How to "soften" slow web service alarms

On some of our high performance web hosts we experience too many web_service_slow alarms and they often turn critical even for an average response time of 90ms or less. The health template is configured like this:

template: web_service_slow
families: *
      on: httpcheck.responsetime
  lookup: average -5m unaligned of time
   units: ms
   every: 10s
    warn: ($this > ($1h_web_service_response_time * 4) )
    crit: ($this > ($1h_web_service_response_time * 6) )
    info: average response time over the last 5 minutes, compared to the average over the last hour
   delay: down 5m multiplier 1.5 max 1h
      to: webmaster

We analysed the problem and it seems that we have regular response times between 0.01 and 0.05 most of the time. Every now and then, there is a single request that takes a couple of hundred milliseconds to respond, but that immediately “ruins” the average value and triggers the alarm.

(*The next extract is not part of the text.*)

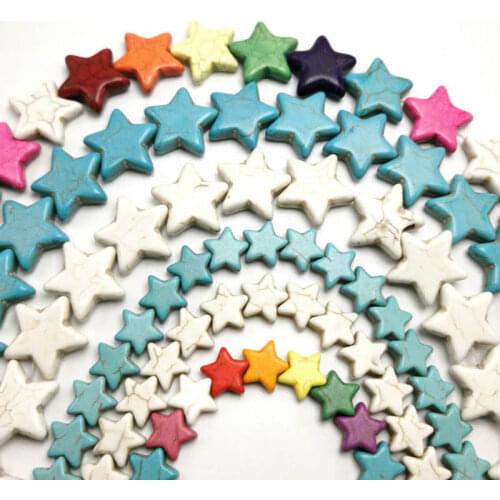 Mixed Color Pentagram Star Shaped Turquoises Stone Spacer Beads DIY For Bracelet Necklace Making 12/15/20mm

Not sure if this is the proper thinking but we came up with the idea to ignore the lowest and highest value when calculating the average, that may should already provide a much more realistic picture in this context.

Is that the right way to think about it and if so, can this be done already in Netdata? Or is there better ways to approach this?

Hi @jurgenhaas

ignore the lowest and highest value

Sounds like median. Unfortunately there is no such lookup method (available: average, min, max, sum).

Your use case is clear, i agree that median method would be a nice addition :thinking:

1 Like

@dim08 @Stelios_Fragkakis take a look

1 Like

Percentile charts would probably be more appropriate for latencies. Then we could just have normal alerts on top of those, instead of the ones with the avg response time. We have recently dealt with histograms that we convert to such charts, what do you think about adding some of those here @ilyam8 ?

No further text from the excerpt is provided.